Hey Guys
I'm hearing about Tata Indicom's new Wi-Fi service. They provide a PCMCIA Wi-Fi CDMA card that allows you to make calls and be connected to the Internet 24x7 from anywhere.
They say it supports Windows 98 SE, ME, 2000 and XP. Anyone tried it on Linux yet? Any inputs / feedback on the same, please let us know.
Thanks -- TAC Support Team
On 12/17/05, TAC Forums tac.forums@gmail.com wrote:
I'm hearing about Tata Indicom's new Wi-Fi service. They provide a PCMCIA Wi-Fi CDMA card that allows you to make calls and be connected to the Internet 24x7 from anywhere. They say it supports Windows 98 SE, ME, 2000 and XP. Anyone tried it on Linux yet? Any inputs / feedback on the same, please let us know.
AFAIR the card is Sierra Aircard 555 costing Rs 14K approx. The sierra website mentioned experimental support for Linux, the last time I visited. You might want to check that out. Reliance offers the same card at a similar cost. The call centre of both couldn't provide details regarding Linux support.
vjp
-- Registered Linux User #374218
Minister of Offense, Preserver of the Way of the Great Llama, Ambassador to India for the Republic of Loungevania
TAC Forums wrote:
I'm hearing about Tata Indicom's new Wi-Fi service. They provide a PCMCIA Wi-Fi CDMA card that allows you to make calls and be connected to the Internet 24x7 from anywhere.
Is this the same Sierra card that is provided by Reliance too? I did not know it was a Wi-Fi network card. In one IBM laptop that has an RIL card, I tried out the Ubuntu 5.10 live CD. It created an active network icon in the task bar and it had already sent and received about 300 kbytes.

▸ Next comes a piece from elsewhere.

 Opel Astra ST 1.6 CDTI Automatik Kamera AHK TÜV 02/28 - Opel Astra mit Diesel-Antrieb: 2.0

We got scared that it might jeapordise his security so we rebooted back to his installed OS. However, the device was called 'lo' whatever that means. So I guess linux must be supporting this card. There is no wireless lan in his vicinity so that device must have been that card. Only support required would be the ppp software.
Try out the Ubuntu 5.10 live CD (December issue of LFY) and try setting up your card on that.
Regards,
Rony.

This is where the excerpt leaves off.